逃げた者は多い
「まあ、彼らに関してはそのような事は無かった。明確に内部分裂を起こしたのはシンジケートが利益を出せなくなった後だからな」
つまりは利権関係が完全に崩壊した後か。そうなったら組織としての魅力は失っているようなものだからバラバラになるのも頷けるな。
「金が入って来ないんじゃ歯止めは効かなくなるだろうな。配下の連中は特にな」
「その段階まで行くと派閥争いどころか勝手に組織から抜け出す者まで現れる始末だ」
「そりゃあ、沈むと分かっている船に乗っているようなものだからな。
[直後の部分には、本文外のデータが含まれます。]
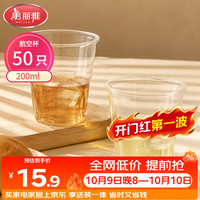 美丽雅 一次性杯子航空杯 200ml*50只太空杯 食品级饮料果汁茶水杯 航空杯200ml*50只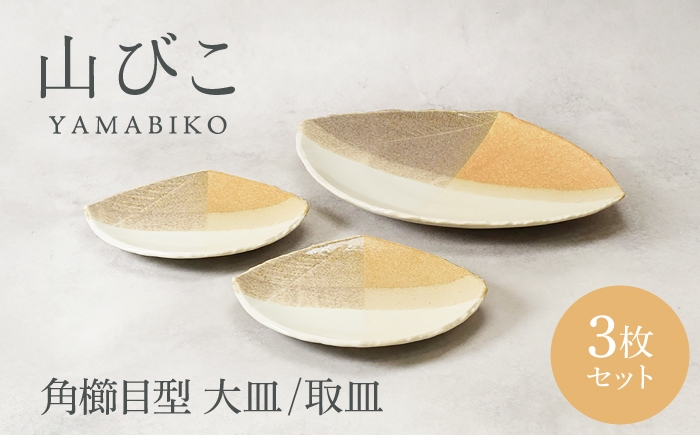 
                  【美濃焼】山びこ 角櫛目型 大皿 1枚 ＆ 取皿 2枚 合計3枚セット【カネ定製陶】プレート 食器セット 和食器 [MEI327]
                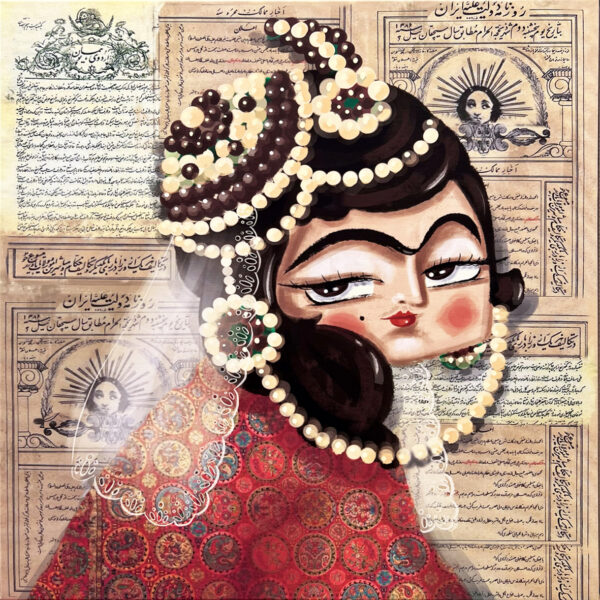 Ref. G166 - FeFe_QajarWoman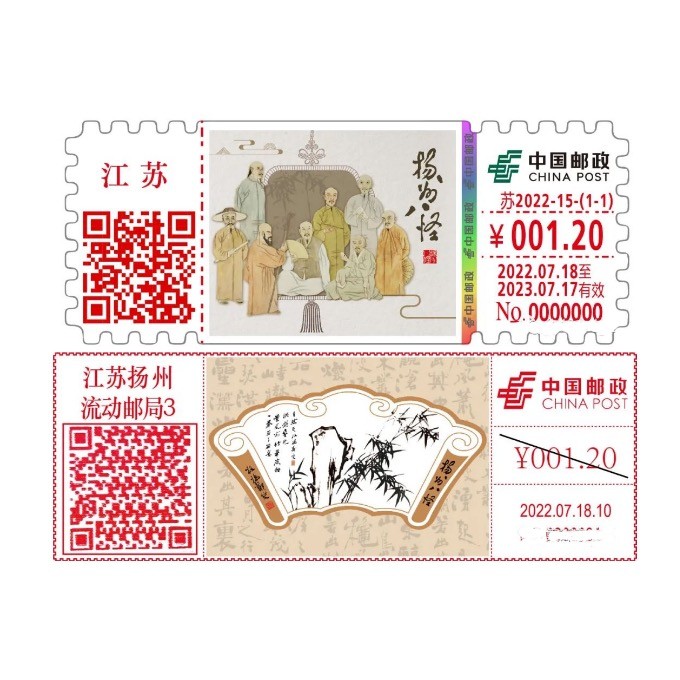 【自助签条TS71】扬州八怪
逃げられるうちに逃げるだろ」
「早いうちに船から降りておけば、船が沈んだ責任を取らされる危険性も低くなるからな……いち早く逃げの選択肢を取れた者はほぼ何のお咎めも無かったようだぞ」
責任は最後までシンジケートに残っていた連中が取らされたわけか。
「そのお咎め無しの連中の中には、シンジケートに相当深くまで関わっていた奴もいたんだろ?」
「勿論いた。……が、上手く証拠を隠ぺいしたのか、それとも他の者の責任にしたのか、詳しい事はわからんが何食わぬ顔でその後も政治に関わった者もいるな。さらに言えば、シンジケート側に最後までいながらも逃げおおせた者もいる」
「流石に逃げ足は速いな」
「だな。だが、それでも全盛期と比べればその影響力は著しく低下したがな」
捕まっていない時点でそれで納得出来る奴は少ないと思うがな。
「早めに逃げた奴はともかくとして、最後まで残ってた奴はどうやって逃げ切ったんだ?」
「端的に言えば物理的に逃げ切ったらしい。追っ手を逃れて潜伏されたら現代でもどうしようも無いからな」
「まあ、どれだけ本気で捜査するかにもよるが……主犯格というか、組織の中心人物なら逃がしたのがバレたら恥だから本気で探し出すと思うがな」
「確かにトップは何としても捕まえるだろうが、トップさえ捕まえてしまえば、その配下の者達への捜査は緩まるだろう。実際にその時の残党が潜伏し続けて暗躍した事も何度かあったようだしな」
「何度かあったのかよ……」
って事はその後も何度も取り逃がすって失態を繰り返している事になるじゃねえか。
「ああ。組織が滅んだとしても、存続していた時代に得られた情報そのものは持っているわけだからな。証拠もセットで持っていたかどうかは定かでは無いが……暗躍する事は出来るだろうな」
国の中枢にまで影響を及ぼしていたって話だからな……上手く逃げおおせたと思っていた連中からしてみたら気が気じゃなかっただろうな。そりゃあ暗躍も可能か。